> **How to complete this task**
Could you write out the records below exactly as they appear?

> **Caption-style text data**
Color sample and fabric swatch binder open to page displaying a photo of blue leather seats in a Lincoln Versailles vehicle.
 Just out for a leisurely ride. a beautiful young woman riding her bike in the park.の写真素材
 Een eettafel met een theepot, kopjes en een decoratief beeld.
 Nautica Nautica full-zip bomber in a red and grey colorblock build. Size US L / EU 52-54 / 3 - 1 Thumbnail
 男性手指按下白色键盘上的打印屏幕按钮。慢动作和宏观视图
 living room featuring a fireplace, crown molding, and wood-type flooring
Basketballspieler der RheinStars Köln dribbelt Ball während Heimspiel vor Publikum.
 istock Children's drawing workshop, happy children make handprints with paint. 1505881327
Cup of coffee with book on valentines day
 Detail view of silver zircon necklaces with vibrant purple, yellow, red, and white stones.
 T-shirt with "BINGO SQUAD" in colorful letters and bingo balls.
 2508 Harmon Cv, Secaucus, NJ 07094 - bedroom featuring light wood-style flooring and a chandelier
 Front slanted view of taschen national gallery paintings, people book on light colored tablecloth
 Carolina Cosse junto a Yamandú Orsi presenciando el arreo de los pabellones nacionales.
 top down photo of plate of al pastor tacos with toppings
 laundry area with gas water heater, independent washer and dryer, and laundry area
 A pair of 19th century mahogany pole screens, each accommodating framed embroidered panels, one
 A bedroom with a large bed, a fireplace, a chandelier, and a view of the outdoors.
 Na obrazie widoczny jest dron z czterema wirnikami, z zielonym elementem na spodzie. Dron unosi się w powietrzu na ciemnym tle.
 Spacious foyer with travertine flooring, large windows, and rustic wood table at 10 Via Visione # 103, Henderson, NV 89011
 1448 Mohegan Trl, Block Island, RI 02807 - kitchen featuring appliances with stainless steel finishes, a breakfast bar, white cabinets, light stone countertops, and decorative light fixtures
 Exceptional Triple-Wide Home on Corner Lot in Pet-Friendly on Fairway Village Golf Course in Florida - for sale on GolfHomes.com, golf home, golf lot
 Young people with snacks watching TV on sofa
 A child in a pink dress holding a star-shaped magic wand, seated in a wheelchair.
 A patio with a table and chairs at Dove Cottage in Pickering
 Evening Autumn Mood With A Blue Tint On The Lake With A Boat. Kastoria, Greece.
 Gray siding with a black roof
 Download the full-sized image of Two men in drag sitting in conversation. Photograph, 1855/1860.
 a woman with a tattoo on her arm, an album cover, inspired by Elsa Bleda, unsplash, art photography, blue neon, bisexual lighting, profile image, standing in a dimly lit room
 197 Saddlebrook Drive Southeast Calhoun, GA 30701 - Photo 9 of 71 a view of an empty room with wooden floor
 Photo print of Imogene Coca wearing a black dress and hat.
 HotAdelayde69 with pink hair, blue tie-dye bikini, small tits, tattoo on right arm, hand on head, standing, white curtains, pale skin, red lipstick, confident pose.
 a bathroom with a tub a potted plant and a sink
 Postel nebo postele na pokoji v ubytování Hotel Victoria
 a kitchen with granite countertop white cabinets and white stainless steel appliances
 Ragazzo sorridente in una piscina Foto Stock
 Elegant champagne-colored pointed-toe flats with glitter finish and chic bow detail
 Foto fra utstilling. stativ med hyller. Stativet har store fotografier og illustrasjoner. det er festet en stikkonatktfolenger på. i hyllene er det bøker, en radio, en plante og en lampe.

> **Output for this task**
Color sample and fabric swatch binder open to page displaying a photo of blue leather seats in a Lincoln Versailles vehicle.
 Just out for a leisurely ride. a beautiful young woman riding her bike in the park.の写真素材
 Een eettafel met een theepot, kopjes en een decoratief beeld.
 Nautica Nautica full-zip bomber in a red and grey colorblock build. Size US L / EU 52-54 / 3 - 1 Thumbnail
 男性手指按下白色键盘上的打印屏幕按钮。慢动作和宏观视图
 living room featuring a fireplace, crown molding, and wood-type flooring
Basketballspieler der RheinStars Köln dribbelt Ball während Heimspiel vor Publikum.
 istock Children's drawing workshop, happy children make handprints with paint. 1505881327
Cup of coffee with book on valentines day
 Detail view of silver zircon necklaces with vibrant purple, yellow, red, and white stones.
 T-shirt with "BINGO SQUAD" in colorful letters and bingo balls.
 2508 Harmon Cv, Secaucus, NJ 07094 - bedroom featuring light wood-style flooring and a chandelier
 Front slanted view of taschen national gallery paintings, people book on light colored tablecloth
 Carolina Cosse junto a Yamandú Orsi presenciando el arreo de los pabellones nacionales.
 top down photo of plate of al pastor tacos with toppings
 laundry area with gas water heater, independent washer and dryer, and laundry area
 A pair of 19th century mahogany pole screens, each accommodating framed embroidered panels, one
 A bedroom with a large bed, a fireplace, a chandelier, and a view of the outdoors.
 Na obrazie widoczny jest dron z czterema wirnikami, z zielonym elementem na spodzie. Dron unosi się w powietrzu na ciemnym tle.
 Spacious foyer with travertine flooring, large windows, and rustic wood table at 10 Via Visione # 103, Henderson, NV 89011
 1448 Mohegan Trl, Block Island, RI 02807 - kitchen featuring appliances with stainless steel finishes, a breakfast bar, white cabinets, light stone countertops, and decorative light fixtures
 Exceptional Triple-Wide Home on Corner Lot in Pet-Friendly on Fairway Village Golf Course in Florida - for sale on GolfHomes.com, golf home, golf lot
 Young people with snacks watching TV on sofa
 A child in a pink dress holding a star-shaped magic wand, seated in a wheelchair.
 A patio with a table and chairs at Dove Cottage in Pickering
 Evening Autumn Mood With A Blue Tint On The Lake With A Boat. Kastoria, Greece.
 Gray siding with a black roof
 Download the full-sized image of Two men in drag sitting in conversation. Photograph, 1855/1860.
 a woman with a tattoo on her arm, an album cover, inspired by Elsa Bleda, unsplash, art photography, blue neon, bisexual lighting, profile image, standing in a dimly lit room
 197 Saddlebrook Drive Southeast Calhoun, GA 30701 - Photo 9 of 71 a view of an empty room with wooden floor
 Photo print of Imogene Coca wearing a black dress and hat.
 HotAdelayde69 with pink hair, blue tie-dye bikini, small tits, tattoo on right arm, hand on head, standing, white curtains, pale skin, red lipstick, confident pose.
 a bathroom with a tub a potted plant and a sink
 Postel nebo postele na pokoji v ubytování Hotel Victoria
 a kitchen with granite countertop white cabinets and white stainless steel appliances
 Ragazzo sorridente in una piscina Foto Stock
 Elegant champagne-colored pointed-toe flats with glitter finish and chic bow detail
 Foto fra utstilling. stativ med hyller. Stativet har store fotografier og illustrasjoner. det er festet en stikkonatktfolenger på. i hyllene er det bøker, en radio, en plante og en lampe.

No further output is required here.